Sunday 6 January 2013

The day I fell in love with my baby.....



It was Saturday and I had an appointment with my doctor. It was my fifth month and doctor had called me for ultrasound to find out the growth and placement of baby. I had a mixed feeling. I was happy and curious and yet nervous because I was going to know about my baby and would get his first glimpse. I was just praying to God that everything should be fine and my baby should be alright. To be honest, earlier I was very casual about these medical processes but when it was my turn to be a mother I could imagine how much important are these small small things.
Nine months is just not the time for a baby to develop inside the womb but it’s also the time when a woman learns to become a mother. During that time I felt that this is how the Mother Nature prepares and nurtures  every woman to be a mother and develop a bonding between the baby and mother.
I was sitting in the hospital waiting for my turn and dreaming about my baby. Suddenly my name was called and then I became conscious of being sitting in the hospital. My heart was beating very fast, I think fastest as far as I could remember. After the process of 10 minutes, finally I was told that my baby was absolutely fine and healthy.  And then doctor showed me the ultrasound pictures. I was still and mum looking at it, It was unbelievable, I was seeing my baby who was inside me……….Oh My God……it was just amazing. And then I realized, tears had rolled down my cheeks. My husband was with me. We both were overwhelmed with joy.
        


                                       

Wednesday 2 January 2013

When I got the news.......

It was a bright sunny summer morning and I was alone at home as my hubby was touring. I wake up fresh and went out in the balcony. Suddenly I felt something and that was very different and unusual which I had never felt earlier.

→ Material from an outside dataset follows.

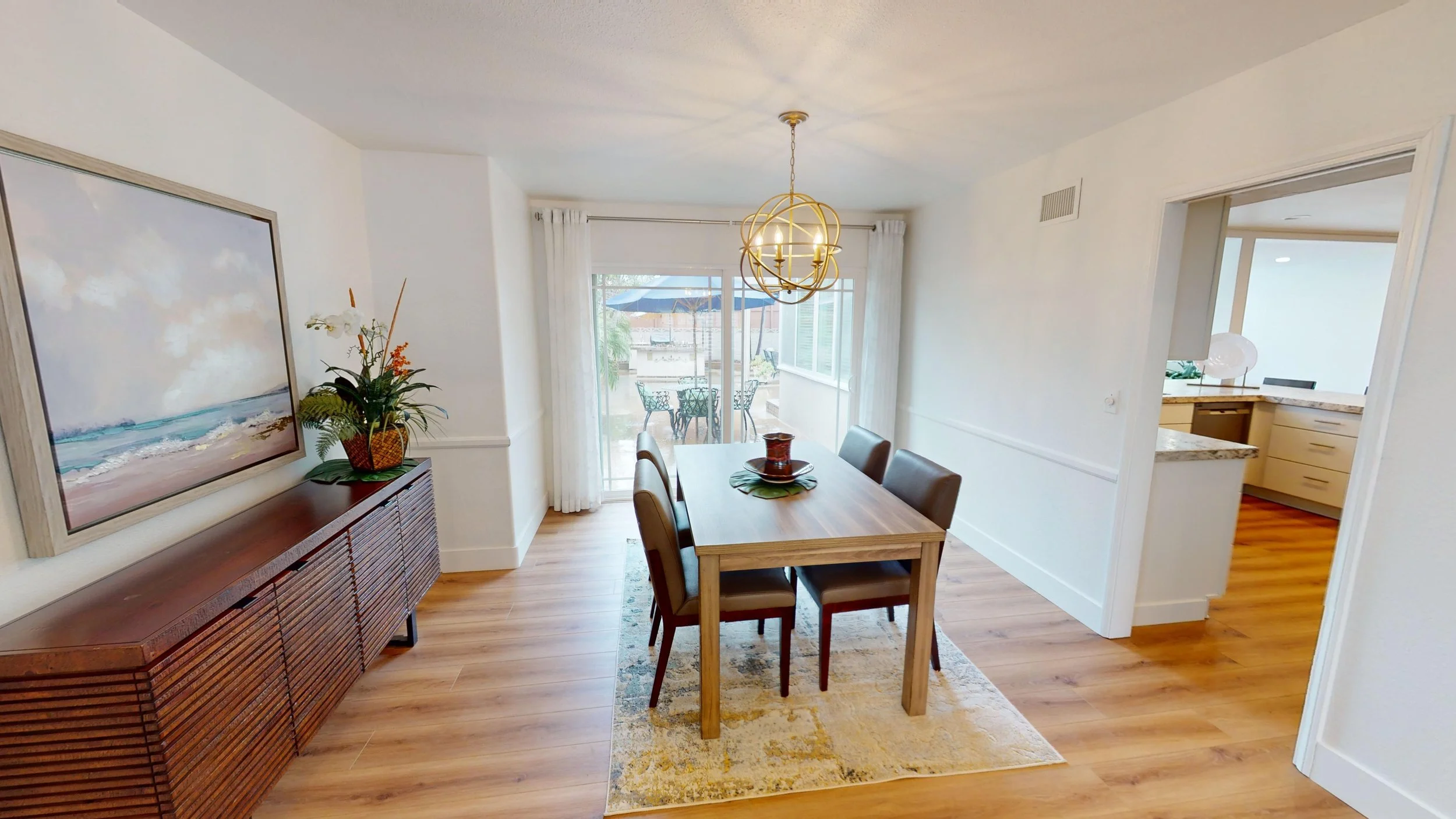 Dining room with wooden table and six chairs, sliding glass door opening to a patio with outdoor furniture, light wood flooring, abstract wall art, and a sideboard with a plant.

I told this to my hubby on phone and he didn't take it seriously. But I had some intuition that something new is happening. This feeling had certainly some connection with divinity.(I consider this realization of life into a woman's body as a sacred and divine event.) And so I went to visit my doctor and what she said is still ringing in my ear, "You are going to be a mother".
And i couldn't stop myself and started jumping with joy. Then immediately she told me to be careful. And then I realized that my well being was so important for my cutie pie.........and from that day, the lazy and unorganized person like me who had never thought of taking care of herself, had started taking the maximum possible care, as only a healthy mom can give birth to a healthy baby............ I couldn't sleep that night because I was just thinking about my baby........ 
 
                                             

 

Tuesday 1 January 2013

Being Mother.........!!!!!

As old as the human civilization is, millions of babies took birth and still its going on and will go on till the human species will be alive......but the joy of becoming mother for the first time is ecstatic and incomparable. It is just the miracle of nature which realizes itself in the form of bundle of joy....'Baby'. Babies can be defined as the cutest creation of God. For every Mom.....her baby is cutest.............!!!!!!
Mother and baby relation is as divine as this whole universe. Its the bliss of nature. When a mother expecting a baby........the thought of having a baby inside her just can't be expressed in words.

With the God's grace I am a mother of a 2 year old baby boy (Atman). And I am enjoying my motherhood at its fullest. And I want every mother should be blessed with the most beautiful an the cutest baby............................................................Long Live Motherhood!!!!!!!!!!!